El gobierno de Claudia Sheinbaum cumple mañana un año de lidiar con la hiperactiva y hostilizante administración de Donald Trump que se ha convertido en el principal contrapeso del gobierno mexicano y le ha obligado a tener una cotidiana relación de recurrentes concesiones en materia comercial, migratoria y de seguridad.
Lo que ahora se exhibe tras ese golpe es un Estado venezolano intervenido, donde los nuevos gobernantes -miembros del mismo grupo del chavismo tradicional- están sometidos a las instrucciones de Washington.
El 7 de enero pasado la presidenta Sheinbaum decantó: “Más allá de la opinión que se tenga del gobierno de Venezuela, de Maduro, lo que no puede ser es que un país llegue a detener -fuera de todo el marco internacional, de las reglas y las normas internacionales- a un Presidente, por más que tu opinión de ese Presidente sea en contra”.
Pero el fondo del asunto parece ser el modelo Delcy. Un gobierno “antitrumpista” controlado por Trump. No es necesario deponerlo, solamente controlarlo.
Durante un año, la presidenta Sheinbaum y Trump han tenido 15 llamadas donde según los comunicados oficiales se habla de fortalecer la cooperación en materia de comercio y seguridad.
La relación telefónica aparentemente tersa no ha evitado que Trump avance yardas en su ofensiva. Los suspiros mexicanos de alivio cada que cuelgan resuenan cada vez más fuerte. Pero parece ya un recurso agotado.
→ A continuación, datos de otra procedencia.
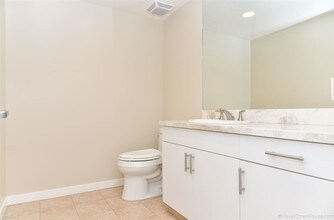 5143 White Oak Ave in Los Angeles, CA - Building Photo - Building Photo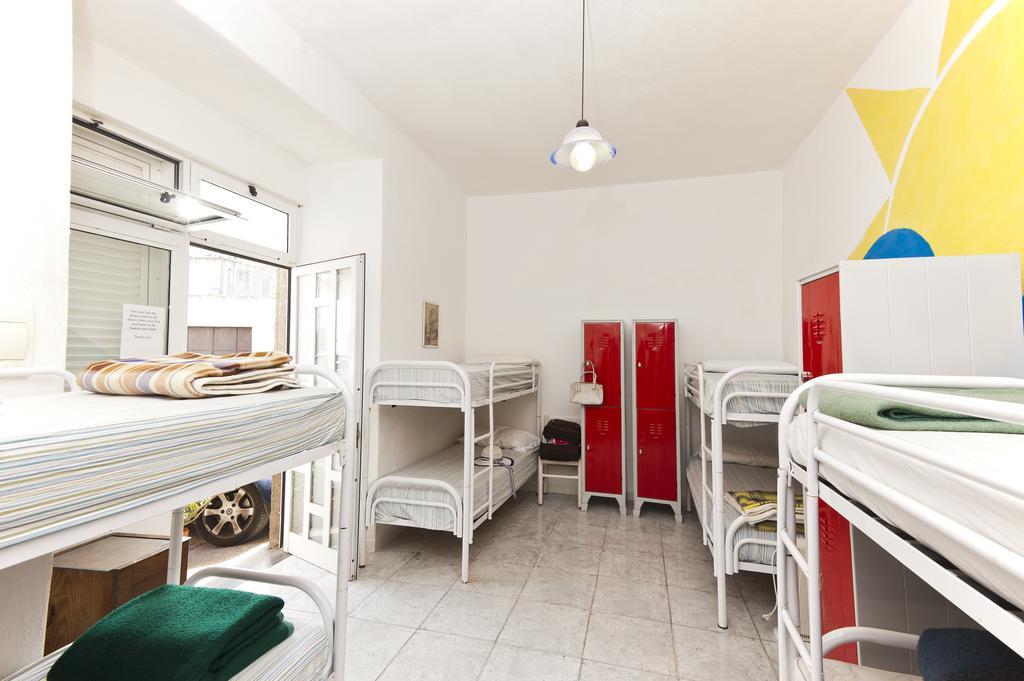 Ring Hostel Forio di Ischia الغرفة الصورة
El gobierno mexicano requiere de una estrategia definida, pública, consensada menos dependiente de los estados de ánimo, las porras y la estridencia para orientarse hacia la construcción de un tejido de resistencia social estable que fortalezca capacidades de negociación en ámbitos económicos, comerciales, políticos y de seguridad.
En medio de las sucesivas derrotas de las izquierdas latinoamericanas en los últimos años (Bolivia, Argentina, Chile, Ecuador, Cuba, Venezuela) el socialista chileno Gabriel Boric comentó en el balance de su derrota ante el pinochetista José Antonio Kast, en una extraordinaria entrevista con el periodista español Javier Lafuente: “La política democrática no es de heroísmo, sino de consistencia, responsabilidad y transformación real de las condiciones de vida de la gente. Yo puedo tener discursos incendiarios, encontrar antagonistas, prometer cualquier cosa, pero si la calidad de la vida no mejora, es irrelevante”.
Crítico también del régimen cubano al que no duda en calificar de dictadura, Boric trasluce una desilusión ante el sectarismo o la imposibilidad de su gobierno por consensar con los que opinan diferente, que no eran solo los políticos sino en buena medida los electores. Y que eso le costó la elección.
Sheinbaum rechaza un modelo de tutelaje estadounidense en cualquier modalidad, incluida la fórmula Delcy. Pero no puede cerrar los ojos frente a las necesidades de cooperación con Trump. Y esas no van con encerrarse con los suyos a cantar consignas.
La estrategia debe mirar a México de otro modo: a las universidades, a los empresarios, a los profesionistas antes que a los políticos de la oposición, aunque igualmente debe escucharlos. El propósito debe ser tejer con sectores amplios una fuerte red de acuerdo, intercambio de ideas, resistencia y colaboración. Consolidar apoyo amplio para la negociación y para atemperar las amenazas y eventuales acciones estadounidenses.
Dijo Boric: “La izquierda que solamente le echa la culpa al adversario está condenada a diluirse”. En las circunstancias actuales es atendible en México esa reflexión.